Friedrich Schorr was born in Nagyvarad, in the Austrian-Hungarian Empire in 1888. He was considered the greatest Wagnerian bass baritone of his generation. He was the son of a cantor, and sang all over the world, making his Met debut in 1924 and sang there for 19 years. He emigrated to the U.S. in 1931. He died in Farmington, NY in 1953.

Some of his recordings were made when he was passed his vocal prime, yet they demonstrate the great emotional expressiveness of his singing.

Risë Stevens was born in New York City in 1913 as Risë Steenberg. She studied at the Juilliard School and continued her training in Vienna. She made her Metropolitan Opera debut in 1938. Stevens made several movies including The Chocolate Soldier with Nelson Eddy and Going My Way with Bing Crosby. Her voice was insured by Lloyd’s of London in 1945 for $1 million dollars.

For 23 years Stevens was the Met’s leading mezzo soprano and the only mezzo to command top billing and fees normally awarded only to star tenors and sopranos. She was especially celebrated for her performances of  Carmen. Her recording of Carmen with Licia Albanese, Jan Peerce, and Robert Merrill has never been out of print.

After her retirement from the operatic stage she became the General Manager of the Metropolitan Opera National Company for several years, and devoted a great deal of her time to coaching young singers. In 1990 she was a Kennedy Center honoree. She died in her home in New York, just 7 weeks before her 100th birthday.

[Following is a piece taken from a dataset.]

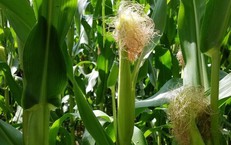 7 bài thuốc từ râu ngô cho người tăng huyết áp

Richard Tauber was born in Austria in 1891. He wanted very much to become a singer but none of the voice teachers he auditioned for accepted him. So he entered the conservatory in Frankfurt and studied piano, composition and conducting. He made his debut in 1913 and sang for 5 years at the Dresden Opera. He was a remarkably quick study. He learned Gounod’s Faust in 48 hours. He learned Strauss’s Ariadne auf Naxos in one afternoon! Tauber made more than 700 recordings. He was also a composer and a conductor. Franz Lehar composed several operettas for Tauber including The Land of Smiles.

In 1933 he was attacked by a group of Nazis whereupon he left Germany for his native Austria, and continued singing at the Vienna State Opera until the Anschluss in 1938. He then became a British citizen where he remained singing and conducting during WW II. He died from lung cancer in 1948 in London.

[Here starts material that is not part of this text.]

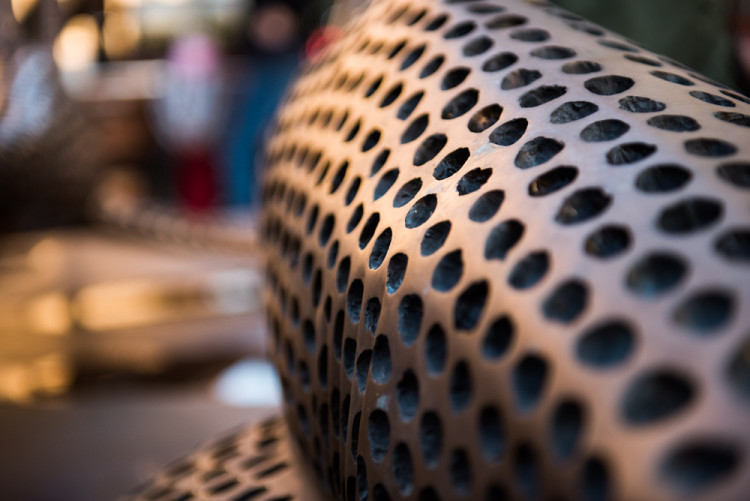 Žraloci obsadili Šilingrák, autor: Tomáš Hrivňák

Regina Resnik was born in the Bronx in 1922. Her parents had just emigrated from Ukraine. She earned a Bachelor’s degree from Hunter College in 1942 and immediately began singing opera professionally. 2 years later she won the Metropolitan Opera Auditions of the Air and she was called to substitute for soprano Zinka Milanov singing Il Trovatore.

Then in 1953 she realized that her voice had been consistently darkening in color, and while singing at Bayreuth, the conductor Clemens Krauss suggested that she was actually a mezzo soprano. So she took a year off and studied with the baritone Giuseppe Danise who had sung with Toscanini. As a mezzo she was enormously successful.

She sang all over the world in 6 languages and the Met was her home base. She was the only singer in the history of opera who sang both the soprano and mezzo soprano roles in much of the repertoire. She received honorary doctorate degrees from Hunter College and the New England Conservatory and was a board member of the Metropolitan Opera Guild. She died in 2013 in New York from a stroke. She was 90.